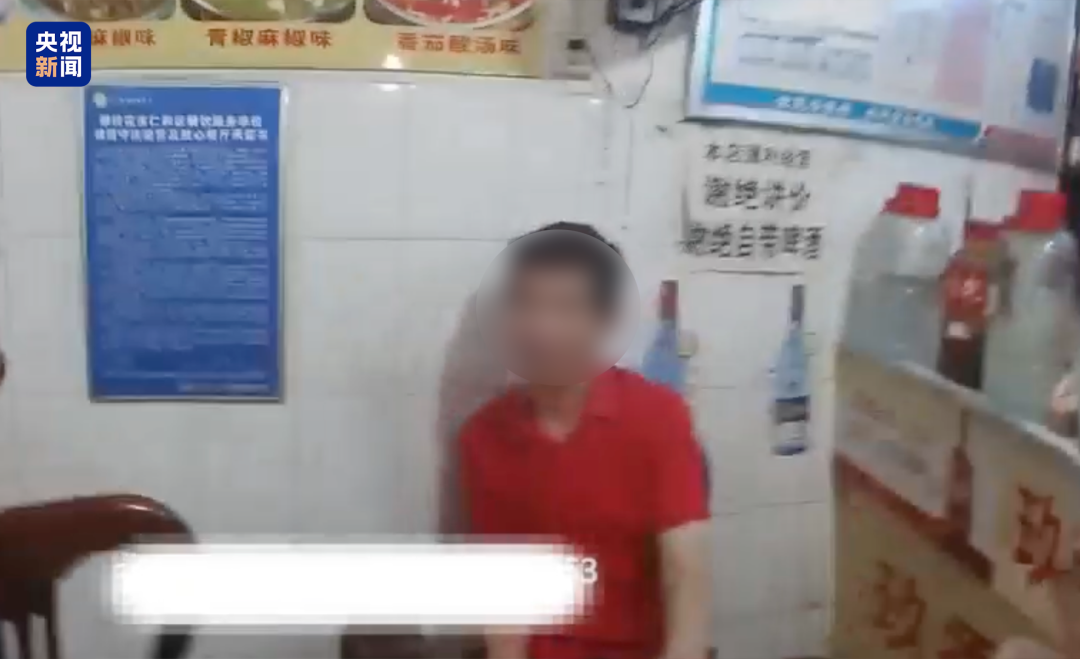 △民警执法记录仪画面
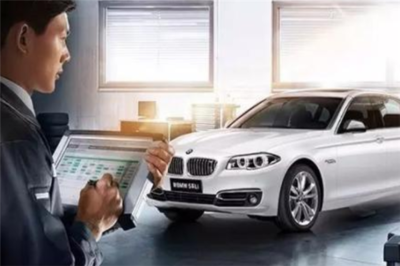 鑫匯保汽車保險代理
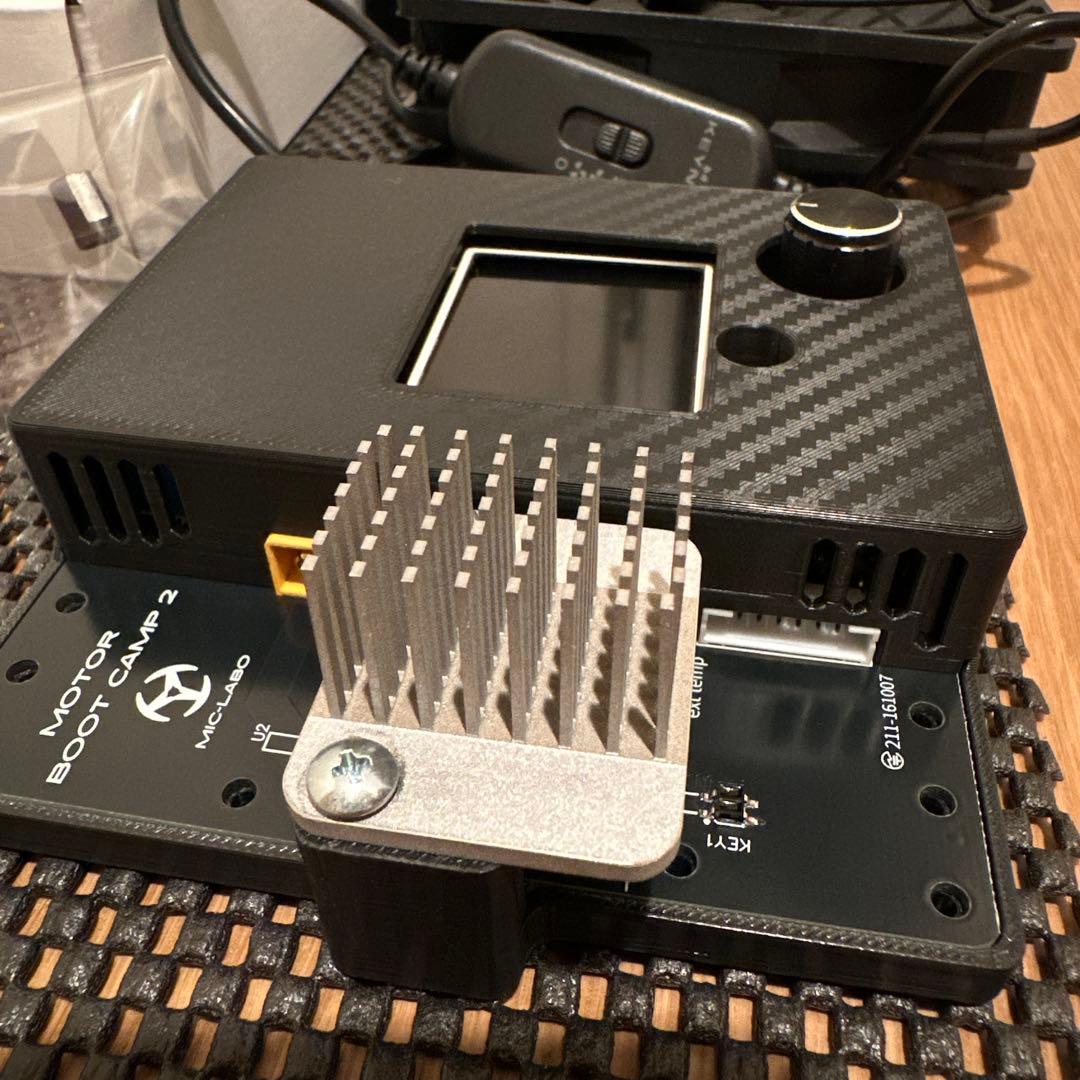 モーターブートキャンプ2極美品/即使用可能セット - メルカリ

..............................

■ YOUR INSTRUCTIONS
Leave out the pictures and copy the rest of the material above exactly.

■ EXPECTED ANSWER
 △民警执法记录仪画面
 鑫匯保汽車保險代理
 モーターブートキャンプ2極美品/即使用可能セット - メルカリ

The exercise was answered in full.